There's no reason to predict a branch if you're not going to execute speculative...

cwzwarich · on Jan 5, 2018

In an in-order CPU, you can still use a branch predictor to predict what to fetch and decode, so that you don't stall waiting for instruction fetch to finish after you resolve the branch.

In practice, advanced in-order designs contain more local reordering mechanisms, e.g. in the load/store unit, but they lack the unified global abstraction of a reorder buffer. The most successful timing attacks involve a mis-speculated load, so they wouldn't apply to these mechanisms, but it's not completely out of the question that they are also an effective side-channel.

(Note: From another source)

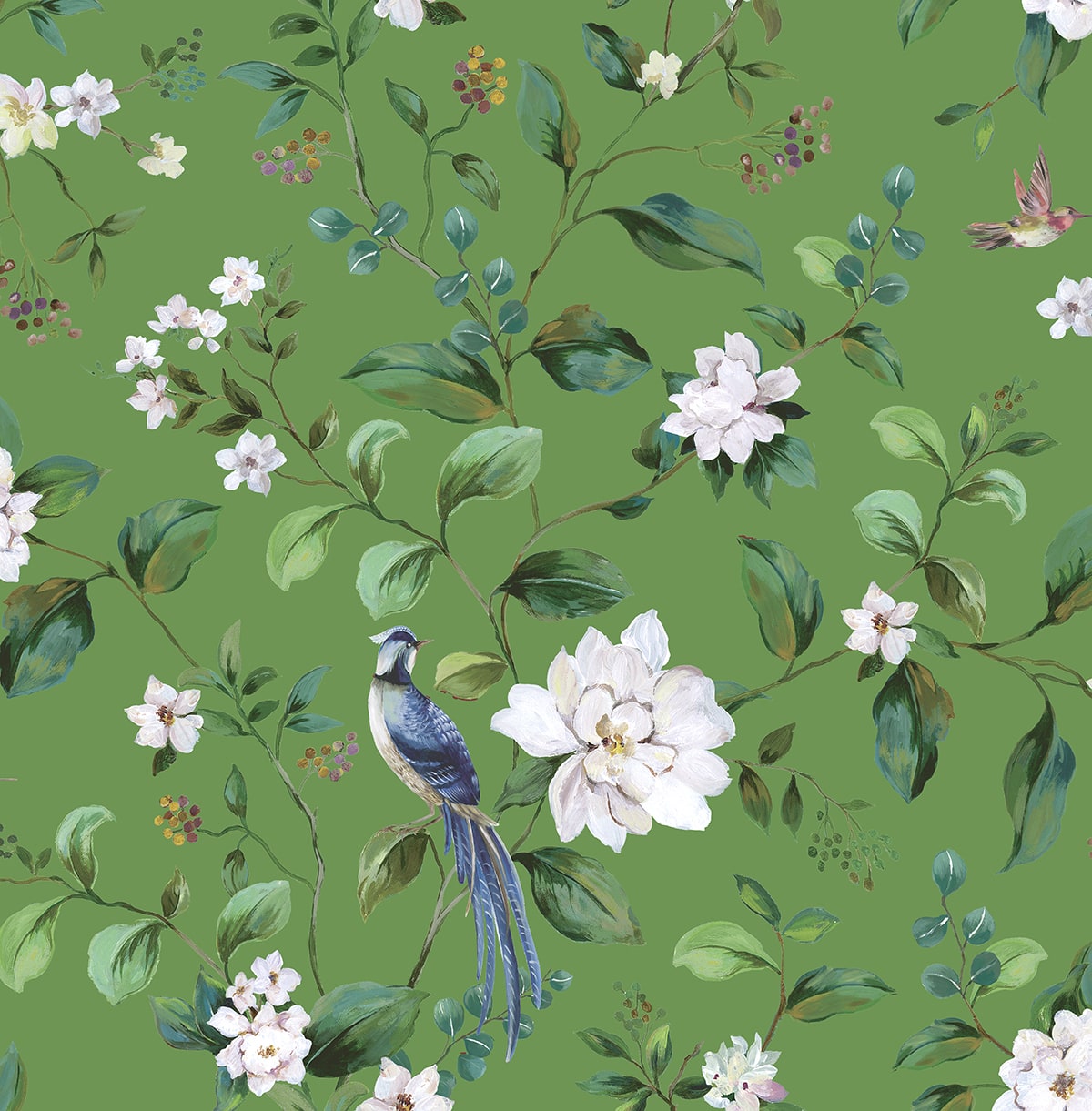 DB20804 Daisy Bennett Designs Daisy Bennett Peel and Stick Wallpaper Chinoiserie Bird Vine Green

bazizbaziz · on Jan 5, 2018

> There's no reason to predict a branch if you're not going to execute speculatively.

Not quite. Branch prediction is typically used on non-speculative architectures in order to avoid pipeline bubbles. (You could argue that pipelining is a form of speculation)

Here is the branch prediction documentation for one of the processors they claim is not vulnerable. http://infocenter.arm.com/help/index.jsp?topic=/com.arm.doc....

Whether or not they're vulnerable has more to do with how their pipeline is structured. It's possible for an architecture to be vulnerable if a request to the load store unit can be done within the window between post-branch instruction fetch/exec and a branch resolution. Eyeballing the pipeline diagram from the above docs, it looks like you can maybe get a request to the LSU off before the branch resolves. dramatic music

fulafel · on Jan 6, 2018

Pipelined processors would slowed down considerably without branch prediction: every branch (= loop iteration) would stall the pipeline and instruction prefetch. 20-25% of instructions are branches, so this would mean a 5-10 clock cycle pause every 4 or 5 instructions.

(Simplest cores have only static branch prediction though)

kevin_thibedeau · on Jan 6, 2018

Low end ARM parts keep track of branches to avoid purging cached pages that will be likely be needed soon. That allows them to have decent performance when executing from flash.